The other left-wing candidate in the first round was Jean-Luc Mélenchon of the Left Front. He was certainly more strident in his opposition both to austerity policies and to the policies of the FN. Yet he represents a tradition that perhaps more than most bears responsibility for the current success of the Front National. The dominant force in the Left Front is the Communist Party (PCF), an organization that for half a century has at best pandered to, at worst promoted, anti-immigrant bigotry.
The FN’s initial electoral breakthrough, under the leadership of Jean-Marie Le Pen, came in the mid-1980s. From the 1983 by-election victory in Dreux, north of Paris, to the 1988 Presidential election, in which Le Pen sensationally obtained over 14 per cent of the national vote, the FN exploited increasing hysteria over immigration and Islam to transform itself from a coterie of nasty chumps on the fascist fringes of politics into a national force, and eventually the third major party in France. In the 1980s two mainstream parties on the right, the RPR and the UDF, shamefully made local alliances with the FN. Even more shameful, however, was the role of PCF. As the BBC correspondent Jonathan Marcus put it in his highly perceptive book, The National Front and French Politics: The Resistible Rise of Jean-Marie Le Pen:
While the National Front has been the principal beneficiary of the political debate on immigration, it was not actually Le Pen’s party that first brought the issue on to the political agenda. It was in fact the Communists, who at the start of the 1980s, launched a campaign against what they saw as the over-concentration of immigrants in Communist-run municipalities… If Le Pen was condemned for fostering racism and division, then local Communist officials periodically expressed the sort of anti-immigrant attitudes that had helped to establish the issue on the agenda at the beginning of the 1980s.
In the 1970s Communist-run councils throughout France routinely excluded non-European immigrants from municipal housing projects on the grounds that their numbers had to be kept below what was called a ‘threshold of tolerance’. The most notorious incident took place on Christmas Eve 1980. Paul Mercieca, the Communist Mayor of Vitry, near Paris, led a gang of 60 men, mainly PCF members and supporters, in a ‘direct action’ to stop 300 immigrants from Mali being rehoused in the town. The gang turned off the water, gas and electricity at an immigrant hostel, and used a bulldozer to smash up the building.
The PCF General Secretary, Georges Marchais, published an open letter justifying Mercieca’s ‘refusal to allow the already high number of immigrant workers in his commune to increase’. The Communists were no racists, Marchais claimed, but immigration was one of the ‘evils’ created by capitalism.
Since the 1980s, the PCF has been in terminal decline.
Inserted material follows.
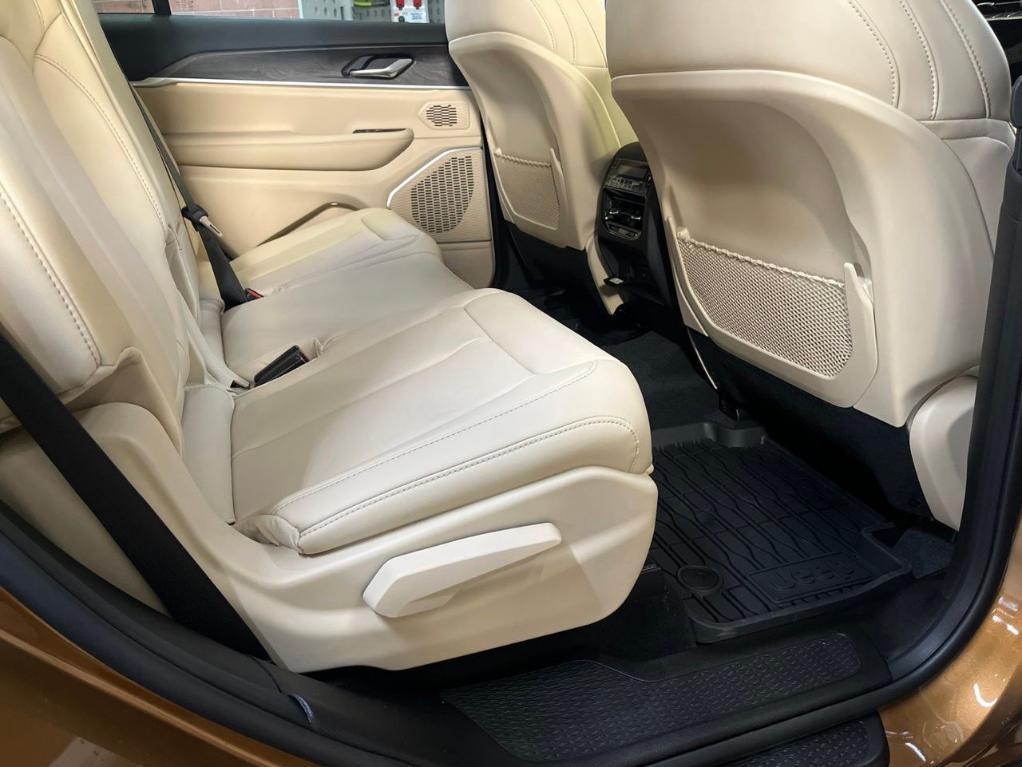new 2026 Jeep Grand Cherokee L car, priced at $46,154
But having so insidiously linked the problems of the working class with immigration, having given political legitimacy to bigoted notions such as the ‘threshold of tolerance’, having made acceptable discrimination in social policy, including housing allocation, the Communist Party not only cleared the ground for the Front National, but also allowed Le Pen to don the mantle of defender of working class interests. The tragedy is that what should today be a genuine progressive challenge to austerity policies and to the democratic deficit in the EU has become instead, and not just in France, primarily the property of nationalists, protectionists and racists, and the defence of working class living standards is all too often pursued in the language not of solidarity but of bigotry. Whoever wins the keys to the Élysée Palace on Sunday, that is unlikely to change.